A recent study by Washburn University Professor Paul Byrne for the Show-Me Institute documents how TIF is used in Missouri. Byrne shows that the ability of cities to implement a TIF unilaterally leads to cities making decisions that benefit the city, at the expense of other public agencies. Cities that are authorized to enact sales taxes might push for TIF projects that will generate new sales tax dollars without caring about the property tax dollars that the local school district will have to do without. As a result, public tax dollars can end up funding economically inefficient projects. This is what has happened in the large urban areas of the state, and what will happen in Columbia and Boone County if the use of local tax incentives keeps increasing.
The dirty little secret that Regional Economic Development, Inc. (REDI), the local media, and Columbia city officials do not want you to know is that EEZ, Tax Increment Financing (TIF), Community Improvement Districts (CID), and other subsidies do not work. They do not succeed in growing the local economy. As a famous Swedish economist once said, “It is not by planting trees or subsidizing tree planting in a desert created by politicians that the government can promote . . . industry, but by refraining from measures that create a desert environment.”
The Columbia supporters of increased use of incentives within the city say that other cities have used these tools with great success (for example, an editorial in the Columbia Daily Tribune, Aug. 13, 2009). In this, they are completely wrong. The City of Saint Louis has been using urban redevelopment tools such as TIF and many others for half a century. How has it worked out? Mapping Decline, a 2008 book by Colin Gordon, documents the decline of the city of Saint Louis. The book’s research is exhaustive. The dominant theme is the use of urban renewal tools and tax subsidies — and their absolute, total failure. From the conclusion:
The overarching irony, in Saint Louis and elsewhere, is that efforts to save the city from such practices and patterns almost always made things worse. In setting after setting, both the diagnosis (blight) and its prescription (urban renewal) were shaped by — and compromised by — the same assumptions and expectations and prejudices that had created the condition in the first place.
I can already hear readers in Columbia saying, “But we’re not Saint Louis.” You are right, you are not; so do not follow a path that will make your city repeat Saint Louis’ mistakes. It is one thing for Saint Louis to try to these projects and have them fail.
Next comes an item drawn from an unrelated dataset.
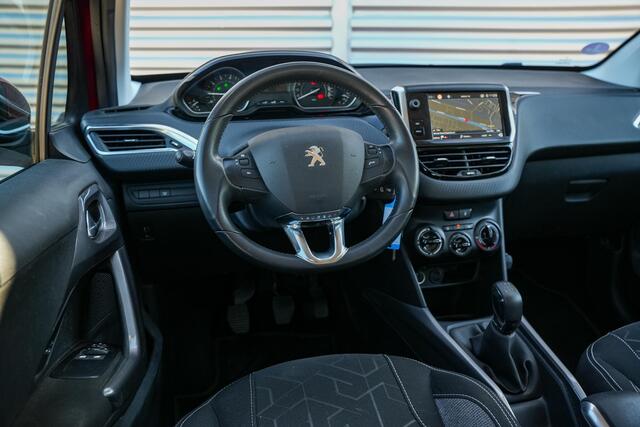 Peugeot 2008 1.2 PureTech Active Navigatie Cruise Airco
It would be even worse for a city like Columbia to follow that example with the knowledge that the entire process has failed. At least the trailblazer who takes the wrong path has an excuse.
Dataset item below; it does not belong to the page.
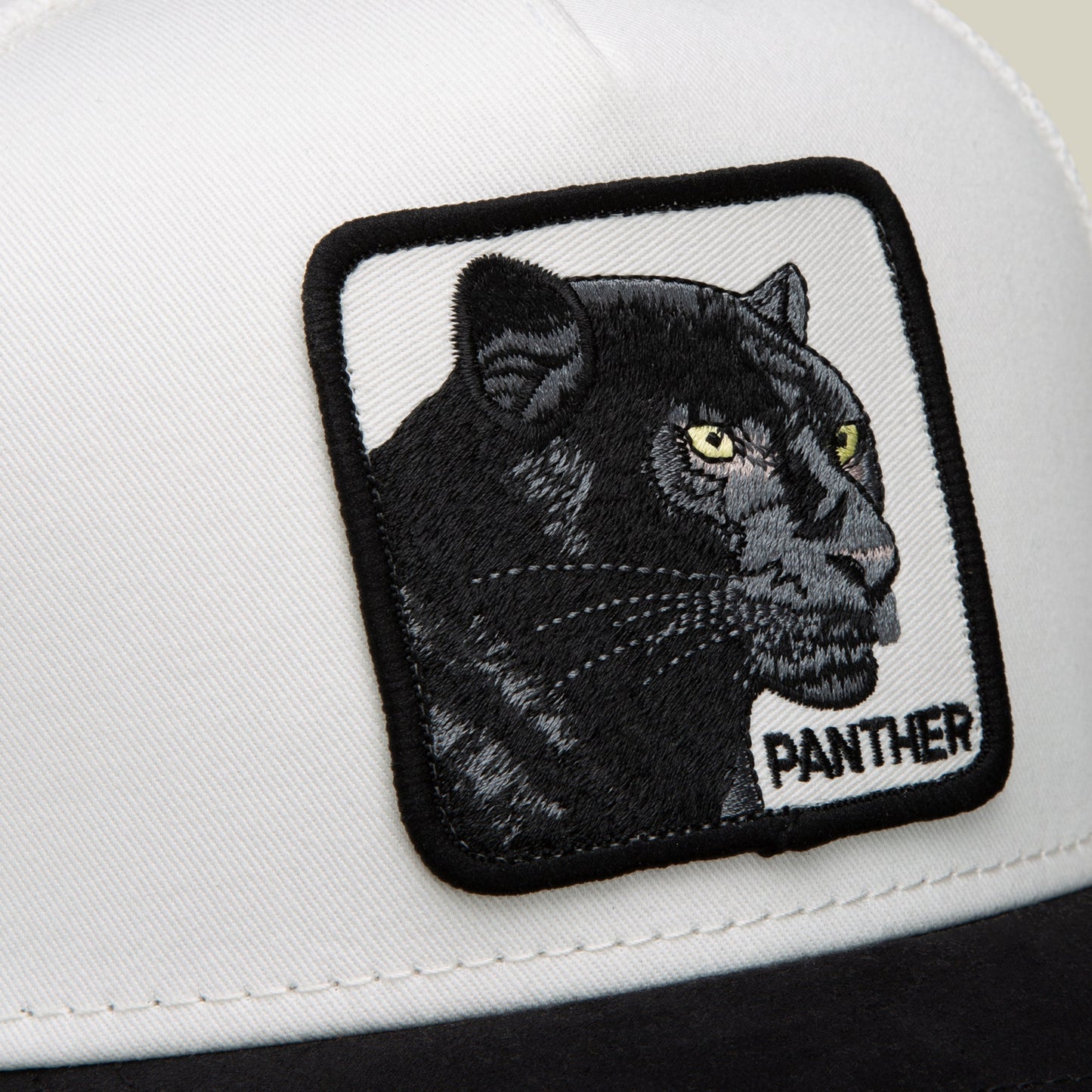Goorin Bros. Suede Black Panther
Missouri should dramatically tighten its TIF laws. At a minimum, TIF should be decided at the county level, and the ability of cities to override rejections from TIF commissions should be eliminated. I hope that Columbia can lead the way to a new realization for our state, where economic development works for everyone when governments do not play favorites and businesses succeed or fail on their own merits.
David Stokes is a policy analyst at the Show-Me Institute, which promotes market solutions for Missouri public policy.